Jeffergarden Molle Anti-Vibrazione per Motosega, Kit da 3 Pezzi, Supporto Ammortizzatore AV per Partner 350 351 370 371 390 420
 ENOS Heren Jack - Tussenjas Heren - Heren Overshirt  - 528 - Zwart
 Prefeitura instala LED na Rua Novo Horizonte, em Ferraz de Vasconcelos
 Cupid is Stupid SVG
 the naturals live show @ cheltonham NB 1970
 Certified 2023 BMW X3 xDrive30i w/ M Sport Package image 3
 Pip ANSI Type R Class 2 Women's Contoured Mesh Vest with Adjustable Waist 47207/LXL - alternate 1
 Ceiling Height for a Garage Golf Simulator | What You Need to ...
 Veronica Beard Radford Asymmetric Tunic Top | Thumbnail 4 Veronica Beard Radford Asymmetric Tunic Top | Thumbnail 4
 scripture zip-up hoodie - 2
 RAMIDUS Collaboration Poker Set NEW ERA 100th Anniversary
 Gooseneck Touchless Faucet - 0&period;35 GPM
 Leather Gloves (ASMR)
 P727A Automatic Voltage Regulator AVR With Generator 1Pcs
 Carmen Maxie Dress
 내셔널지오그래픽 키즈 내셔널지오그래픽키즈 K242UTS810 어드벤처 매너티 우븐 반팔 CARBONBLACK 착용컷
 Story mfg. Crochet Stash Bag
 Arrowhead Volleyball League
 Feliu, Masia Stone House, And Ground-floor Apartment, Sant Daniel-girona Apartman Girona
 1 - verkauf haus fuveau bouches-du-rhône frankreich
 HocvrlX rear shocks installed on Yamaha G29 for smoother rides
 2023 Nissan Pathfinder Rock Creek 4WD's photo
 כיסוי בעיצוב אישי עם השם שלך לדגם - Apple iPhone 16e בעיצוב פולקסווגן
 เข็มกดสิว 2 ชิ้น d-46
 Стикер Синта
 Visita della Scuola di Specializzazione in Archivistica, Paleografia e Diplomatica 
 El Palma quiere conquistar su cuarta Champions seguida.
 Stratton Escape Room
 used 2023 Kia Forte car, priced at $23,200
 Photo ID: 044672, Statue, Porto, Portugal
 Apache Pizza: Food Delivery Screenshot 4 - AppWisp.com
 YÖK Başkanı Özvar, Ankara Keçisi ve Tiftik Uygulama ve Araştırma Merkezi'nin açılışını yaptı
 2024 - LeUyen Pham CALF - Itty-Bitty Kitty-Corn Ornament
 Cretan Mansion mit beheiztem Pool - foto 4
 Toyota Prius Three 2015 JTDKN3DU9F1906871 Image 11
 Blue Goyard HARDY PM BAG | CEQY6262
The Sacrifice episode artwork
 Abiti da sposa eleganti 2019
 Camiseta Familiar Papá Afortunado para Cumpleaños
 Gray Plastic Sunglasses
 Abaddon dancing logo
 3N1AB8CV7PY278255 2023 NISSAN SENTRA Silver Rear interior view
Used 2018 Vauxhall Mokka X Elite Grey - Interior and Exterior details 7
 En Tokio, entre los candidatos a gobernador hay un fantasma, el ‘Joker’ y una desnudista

## Exercise description
Repeat the entries verbatim through the line with "RAMIDUS Collaboration Poker".

## Result
Jeffergarden Molle Anti-Vibrazione per Motosega, Kit da 3 Pezzi, Supporto Ammortizzatore AV per Partner 350 351 370 371 390 420
 ENOS Heren Jack - Tussenjas Heren - Heren Overshirt  - 528 - Zwart
 Prefeitura instala LED na Rua Novo Horizonte, em Ferraz de Vasconcelos
 Cupid is Stupid SVG
 the naturals live show @ cheltonham NB 1970
 Certified 2023 BMW X3 xDrive30i w/ M Sport Package image 3
 Pip ANSI Type R Class 2 Women's Contoured Mesh Vest with Adjustable Waist 47207/LXL - alternate 1
 Ceiling Height for a Garage Golf Simulator | What You Need to ...
 Veronica Beard Radford Asymmetric Tunic Top | Thumbnail 4 Veronica Beard Radford Asymmetric Tunic Top | Thumbnail 4
 scripture zip-up hoodie - 2
 RAMIDUS Collaboration Poker Set NEW ERA 100th Anniversary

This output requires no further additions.